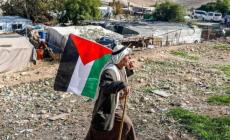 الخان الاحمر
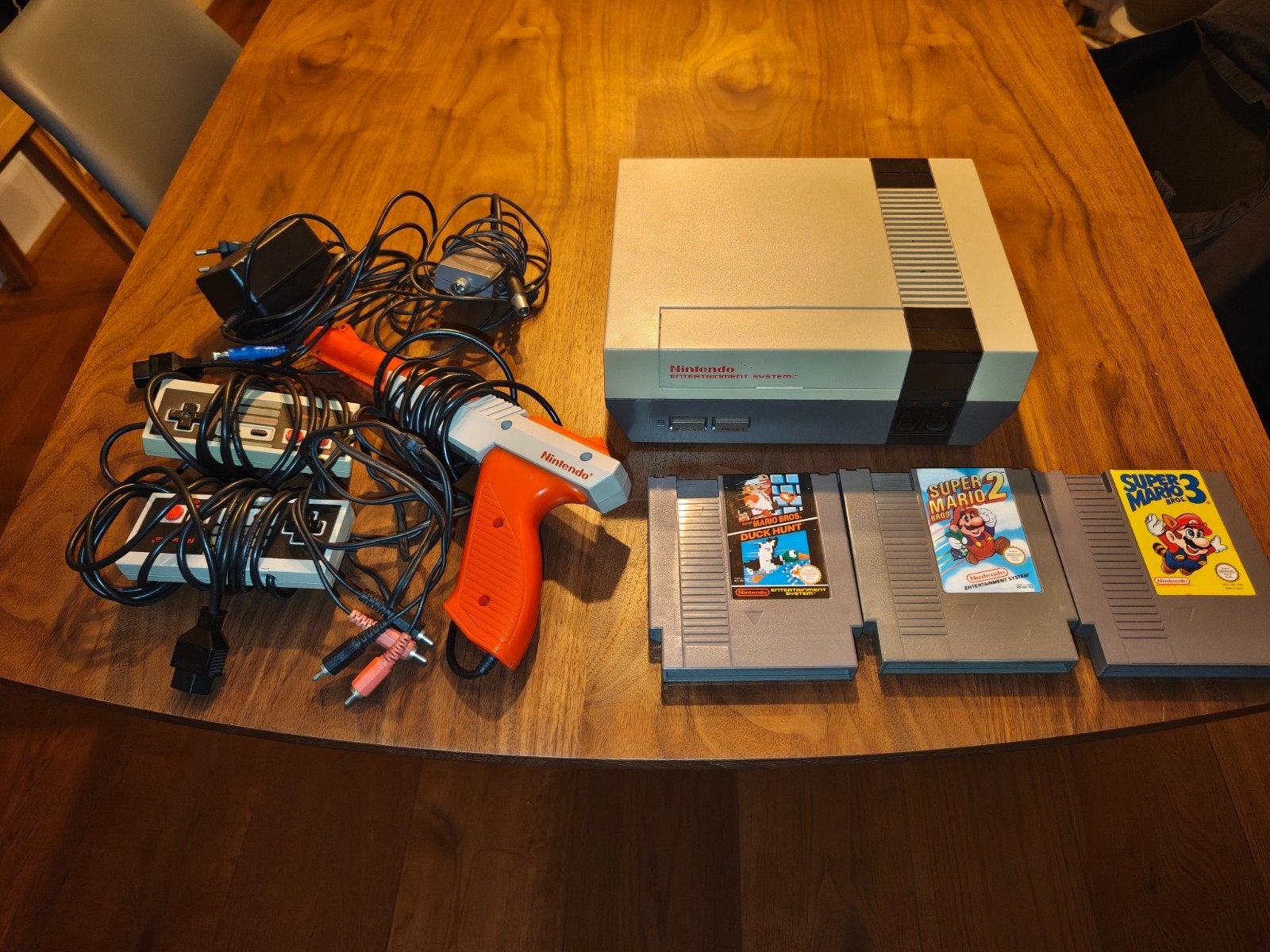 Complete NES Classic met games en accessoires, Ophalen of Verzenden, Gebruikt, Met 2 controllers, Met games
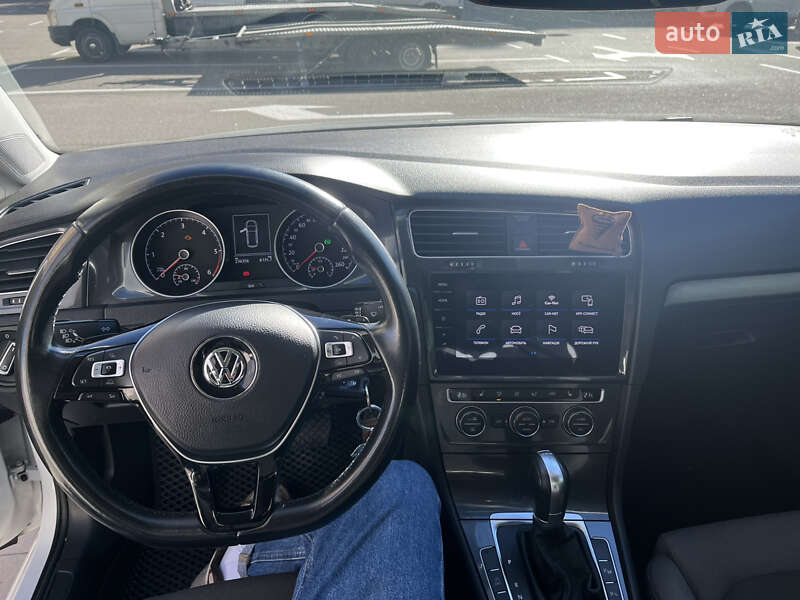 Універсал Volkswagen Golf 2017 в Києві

+-------+

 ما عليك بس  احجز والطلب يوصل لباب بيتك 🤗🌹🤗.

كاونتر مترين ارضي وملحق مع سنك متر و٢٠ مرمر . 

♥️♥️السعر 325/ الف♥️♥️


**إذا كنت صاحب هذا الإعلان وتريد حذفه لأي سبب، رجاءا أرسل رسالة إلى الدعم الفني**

+-------+

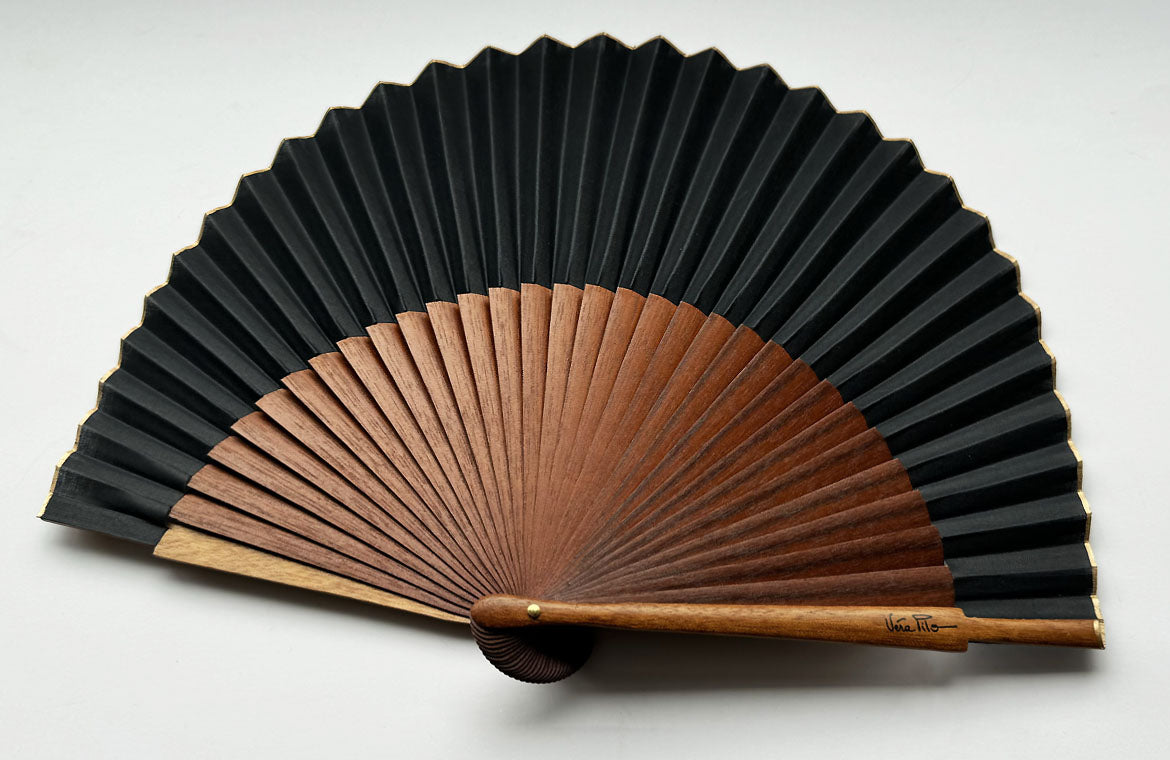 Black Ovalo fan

+-------+

## YOUR ASSIGNMENT
Please return only the lines above, starting at the line that has "كاونتر مترين ارضي" and ending at the line that has "إلى الدعم الفني**", keeping both and leaving each one unchanged.

## EXERCISE ANSWER
كاونتر مترين ارضي وملحق مع سنك متر و٢٠ مرمر . 

♥️♥️السعر 325/ الف♥️♥️


**إذا كنت صاحب هذا الإعلان وتريد حذفه لأي سبب، رجاءا أرسل رسالة إلى الدعم الفني**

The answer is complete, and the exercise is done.